The storage unit 516 includes a machine-readable medium 522 on which is stored instructions 524 (e.g., software) embodying any one or more of the methodologies or functions described herein. The instructions 524 (e.g., software) may also reside, completely or at least partially, within the main memory 504 or within the processor 502 (e.g., within a processor's cache memory) during execution thereof by the computer system 500, the main memory 504 and the processor 502 also constituting machine-readable media. The instructions 524 (e.g., software) may be transmitted or received over a network 526 via the network interface device 520.

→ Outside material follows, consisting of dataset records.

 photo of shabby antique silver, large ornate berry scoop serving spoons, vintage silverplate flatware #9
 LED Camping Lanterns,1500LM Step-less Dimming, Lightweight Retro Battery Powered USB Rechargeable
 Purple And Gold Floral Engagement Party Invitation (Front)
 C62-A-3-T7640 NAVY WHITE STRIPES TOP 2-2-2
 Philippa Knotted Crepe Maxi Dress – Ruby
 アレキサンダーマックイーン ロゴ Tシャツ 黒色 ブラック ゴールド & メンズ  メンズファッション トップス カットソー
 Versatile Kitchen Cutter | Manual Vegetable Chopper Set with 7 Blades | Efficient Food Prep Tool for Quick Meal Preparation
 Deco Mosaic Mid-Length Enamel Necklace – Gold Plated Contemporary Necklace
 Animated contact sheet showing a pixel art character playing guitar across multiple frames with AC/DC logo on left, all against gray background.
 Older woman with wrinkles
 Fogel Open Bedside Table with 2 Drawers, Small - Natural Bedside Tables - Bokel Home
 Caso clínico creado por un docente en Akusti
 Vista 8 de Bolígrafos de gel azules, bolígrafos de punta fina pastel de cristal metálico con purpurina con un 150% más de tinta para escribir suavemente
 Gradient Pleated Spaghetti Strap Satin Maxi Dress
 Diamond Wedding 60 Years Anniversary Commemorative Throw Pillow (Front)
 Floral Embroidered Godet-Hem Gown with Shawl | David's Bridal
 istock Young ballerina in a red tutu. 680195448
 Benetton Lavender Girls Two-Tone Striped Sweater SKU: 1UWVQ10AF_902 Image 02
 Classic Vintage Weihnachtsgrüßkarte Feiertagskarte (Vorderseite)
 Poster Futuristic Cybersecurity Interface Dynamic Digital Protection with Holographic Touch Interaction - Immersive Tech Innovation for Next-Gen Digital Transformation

While machine-readable medium 522 is shown in an example embodiment to be a single medium, the term “machine-readable medium” should be taken to include a single medium or multiple media (e.g., a centralized or distributed database, or associated caches and servers) able to store instructions (e.g., instructions 524). The term “machine-readable medium” shall also be taken to include any medium that is capable of storing instructions (e.g., instructions 524) for execution by the machine and that cause the machine to perform any one or more of the methodologies disclosed herein. The term “machine-readable medium” includes, but not be limited to, data repositories in the form of solid-state memories, optical media, and magnetic media.

ADDITIONAL CONFIGURATION CONSIDERATIONS

Implementing pod pinning, the solution for the detached decision flows of the Kubernetes control plane and the Autoscaler, is non-trivial. Challenges lie in the distributed nature of the solution and enabling near real-time communication between the components. In terms of near real-time communication, autoscaler decisions need to be communicated to the pod pinner as fast as possible. The aim is to either decrease or at least have no impact on the time it takes for a pending pod to transition into a running state. While pods are pending, the pods are not doing any work, which can translate into various operational issues, like application not being able to withstand the incoming traffic. The systems and methods disclosed herein optimally allocate pods to nodes while minimizing idle time of those pods.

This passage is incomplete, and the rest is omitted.